C’est une série australienne, dont vous pouvez retrouver le pitch sur Konbini. Comme pour Catastrophe, les comiques jouent devant la caméra. Il y a même Hannah Gadsby, je ne l’ai pas reconnue d’ailleurs. Encore trop occupée à regarder Josh se taper des beaux gosses, c’est malin…
Ce que j’aime, c’est l’instantané d’une génération un peu perdue, qui appréhende ses émotions. J’adore le personnage de Claire, allez savoir pourquoi.
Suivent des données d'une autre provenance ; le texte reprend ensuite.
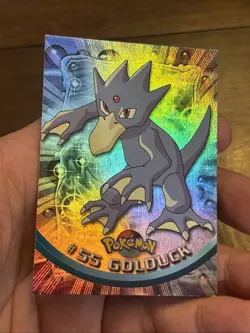 1999 Topps Pokemon TV Animation Edition 55 Golduck Foil Blue Logo Rainbow Foil - Image 4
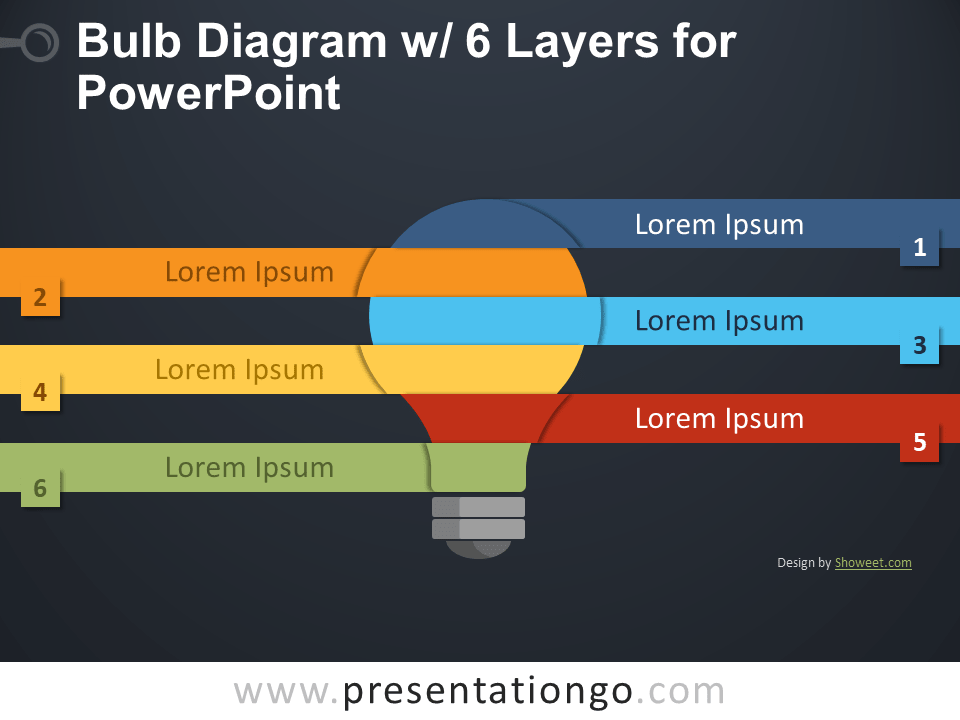 PowerPoint六层灯泡图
Le Graal des humoristes : histoire du Point Virgule
Gilbert Jouin, un intervieweur qui connaît bien les paillettes, vient de consacrer un livre sur le Point Virgule. J’ai lu les 3/4 du livre, et je me suis ruée sur les dernières interviews de Fary et Panayotis Pascot. C’est un recueil d’interviews des bâtisseurs (ceux qui ont construit et maintenu le théâtre dans les coulisses) et des artistes.
Il y a beaucoup d’émotion dans la première partie, sur les bâtisseurs du lieu. On se rend compte que ce lieu est une affaire de passionnés et de générosité. Aussi, ça fait du bien de vanter les qualités humaines d’un Jean-Marie Bigard. Les médias actuels mettent plus en avant les blagues foireuses et oublient la substance des gens derrière, et c’est dommage.
J’ai été frappée par l’investissement émotionnel de certaines personnes. Je connais très peu Antoinette Colin. Quand je la vois, je n’ose pas trop lui parler. Il y a ce profond respect pour ce qu’elle fait, notamment programmer Jean-Philippe de Tinguy (et tant d’autres !) sur un coup de cœur, jusqu’à trois soirs par semaine. Je ne sais pas s’il était prêt à ça, mais je sais qu’il a atteint ses objectifs artistiques là-bas.
C’est l’occasion de découvrir une femme qui semble discrète, mais dont le fort caractère lui a permis de tenir tête à Jean-Marc Dumontet pour conserver l’identité du lieu. Pour les détails, je vous recommande la lecture de cet ouvrage. Certains entretiens, comme celui de Laurent Ruquier, n’ont aucun intérêt (mais sans doute n’a-t-il pas voulu y consacrer du temps ?) tant ils sont courts. J’aurais voulu avoir plus de détails sur la nouvelle génération, mais aujourd’hui, le Point Virgule n’a pas le monopole de la détection de talents. C’est un héritage, une marque à entretenir et à moderniser en même temps. Vaste défi pour ce lieu qui accueille un plateau historique.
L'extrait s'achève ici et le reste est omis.